Segment Start: DATA FOR THIS TASK

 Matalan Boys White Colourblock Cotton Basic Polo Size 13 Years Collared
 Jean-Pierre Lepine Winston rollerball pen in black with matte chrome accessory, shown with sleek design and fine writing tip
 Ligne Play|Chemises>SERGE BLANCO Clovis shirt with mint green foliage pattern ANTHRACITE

Segment End: DATA FOR THIS TASK
Segment Start: DATA FOR THIS TASK

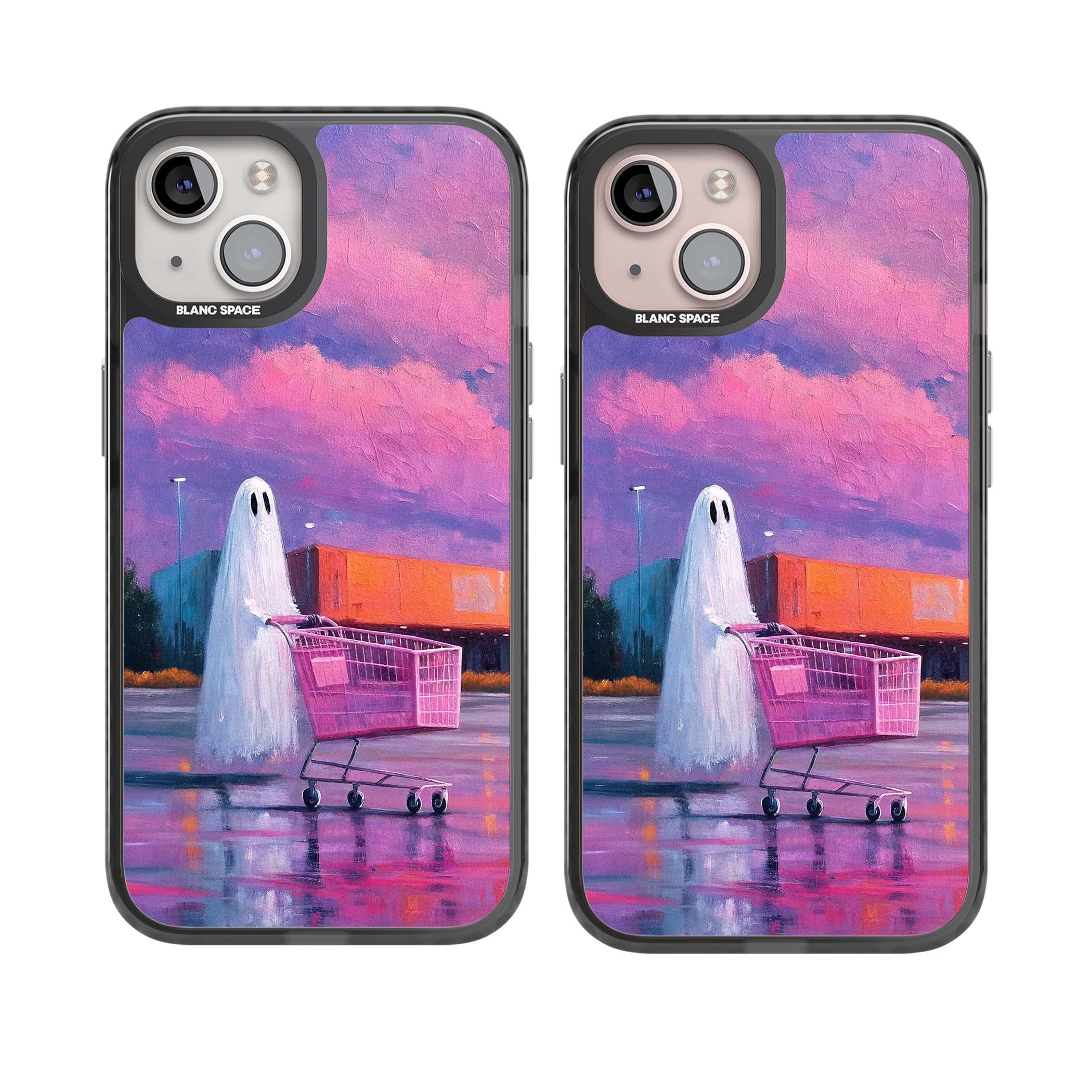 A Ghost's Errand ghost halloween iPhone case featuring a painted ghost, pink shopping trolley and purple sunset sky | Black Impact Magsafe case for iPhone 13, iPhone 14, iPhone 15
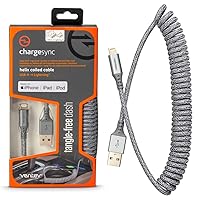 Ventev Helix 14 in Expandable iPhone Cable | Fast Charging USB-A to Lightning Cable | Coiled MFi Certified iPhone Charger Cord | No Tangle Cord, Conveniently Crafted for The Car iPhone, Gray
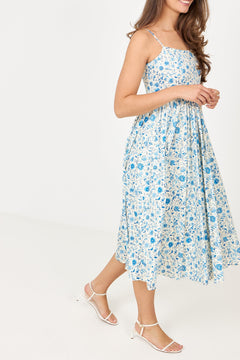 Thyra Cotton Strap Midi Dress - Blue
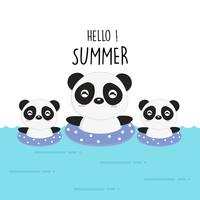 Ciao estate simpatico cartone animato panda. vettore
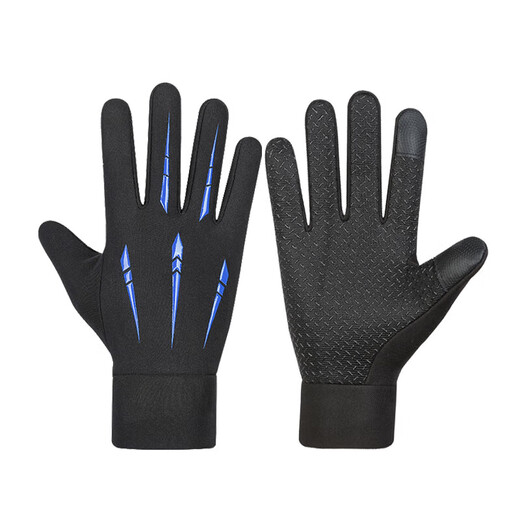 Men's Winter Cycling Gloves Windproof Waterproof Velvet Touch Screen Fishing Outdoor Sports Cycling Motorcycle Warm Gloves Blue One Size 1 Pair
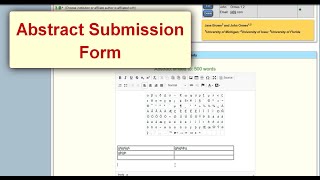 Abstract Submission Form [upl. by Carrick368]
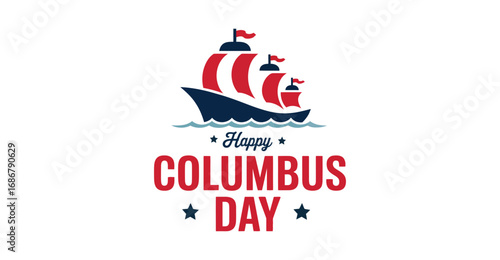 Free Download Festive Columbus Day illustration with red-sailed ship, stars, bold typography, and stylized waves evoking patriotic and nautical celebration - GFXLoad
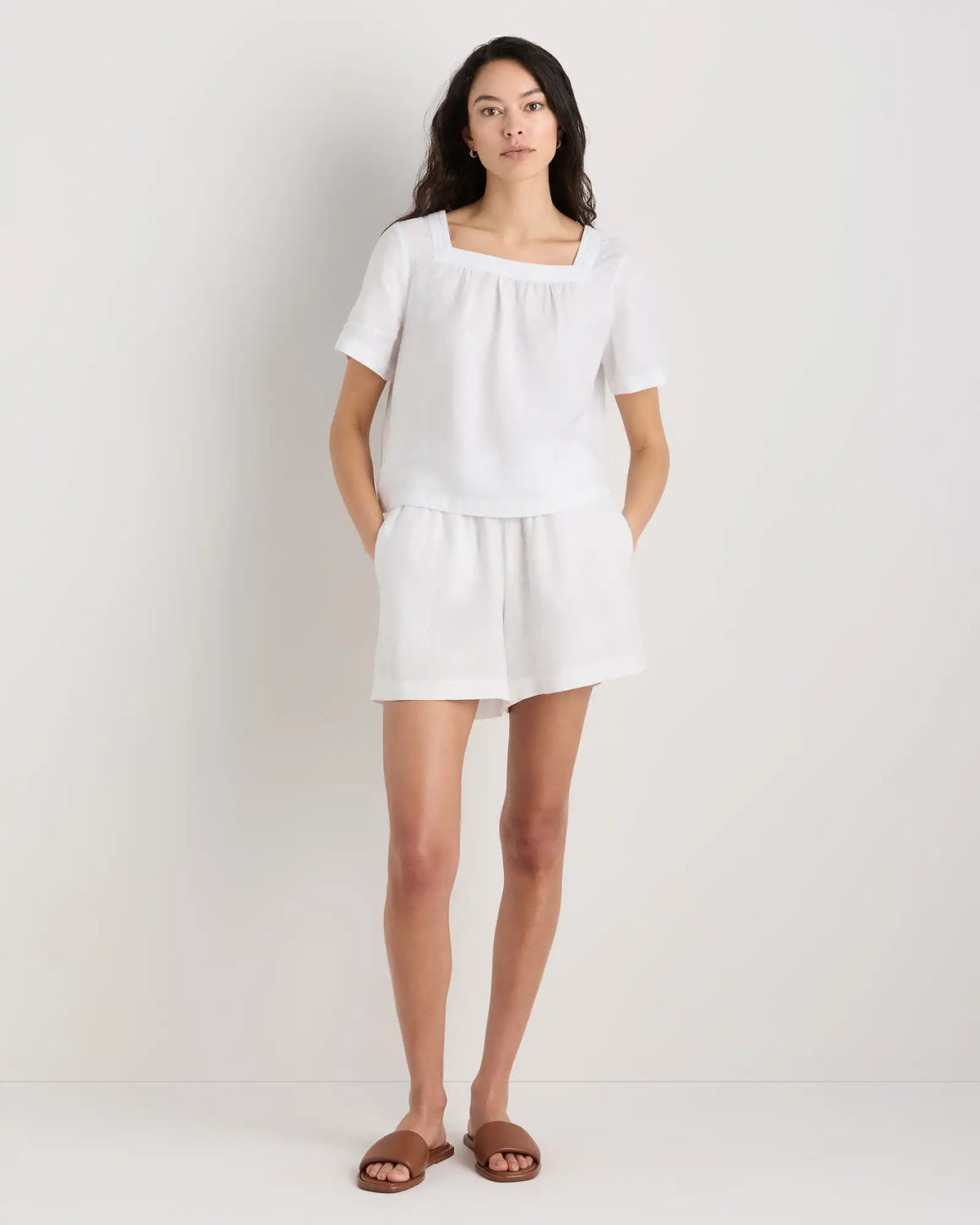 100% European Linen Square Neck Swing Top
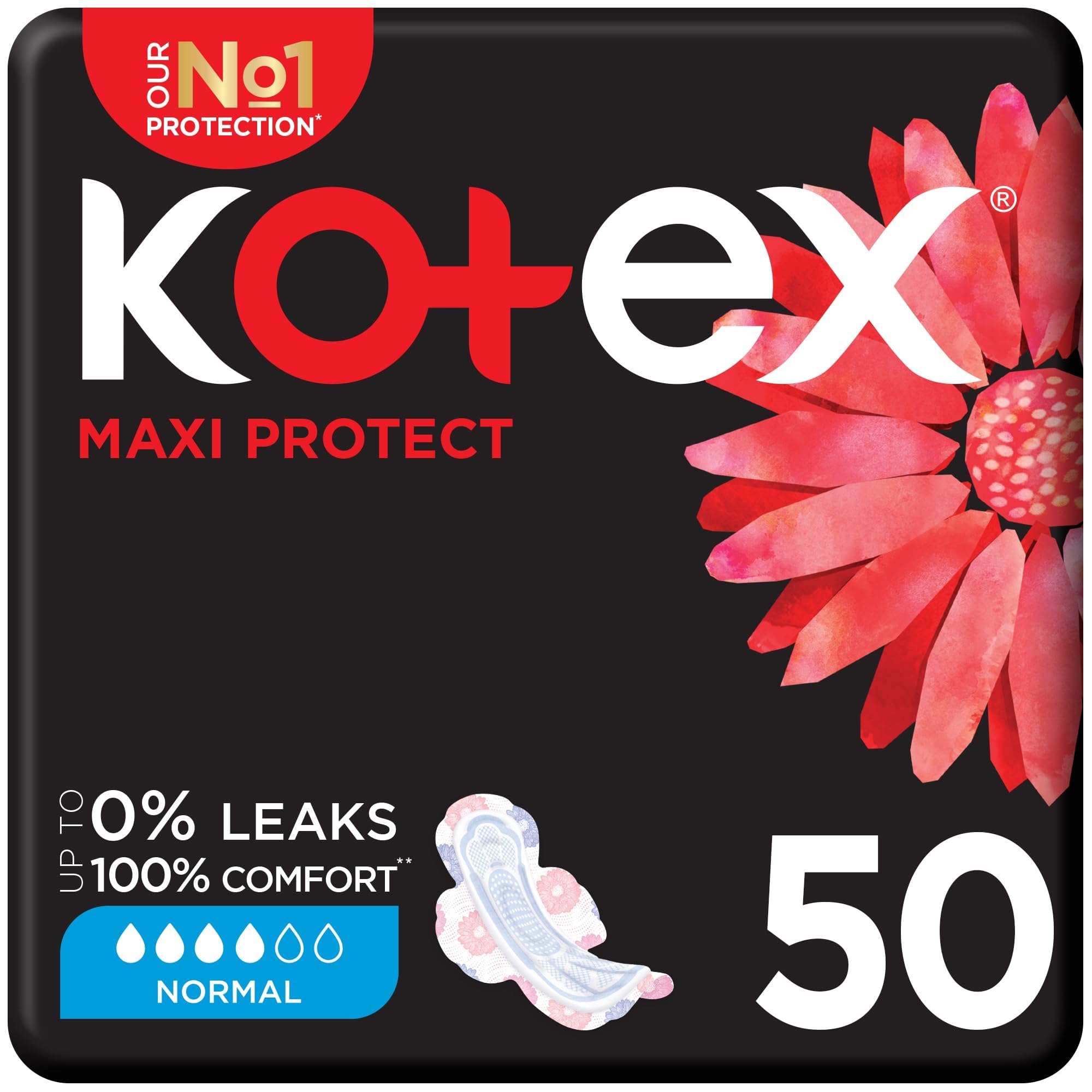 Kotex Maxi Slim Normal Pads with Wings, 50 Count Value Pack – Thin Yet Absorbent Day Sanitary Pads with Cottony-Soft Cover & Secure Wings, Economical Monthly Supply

Segment End: DATA FOR THIS TASK

REQUIRED WORK: Would you copy, word for word, only the lines above from the one containing "Thyra Cotton Strap Midi Dress - Blue" through the one containing "Kotex Maxi Slim", both included, and please leave out the pictures?

FINISHED TASK:
 Thyra Cotton Strap Midi Dress - Blue
 Ciao estate simpatico cartone animato panda. vettore
 Men's Winter Cycling Gloves Windproof Waterproof Velvet Touch Screen Fishing Outdoor Sports Cycling Motorcycle Warm Gloves Blue One Size 1 Pair
 Abstract Submission Form [upl. by Carrick368]
 Free Download Festive Columbus Day illustration with red-sailed ship, stars, bold typography, and stylized waves evoking patriotic and nautical celebration - GFXLoad
 100% European Linen Square Neck Swing Top
 Kotex Maxi Slim Normal Pads with Wings, 50 Count Value Pack – Thin Yet Absorbent Day Sanitary Pads with Cottony-Soft Cover & Secure Wings, Economical Monthly Supply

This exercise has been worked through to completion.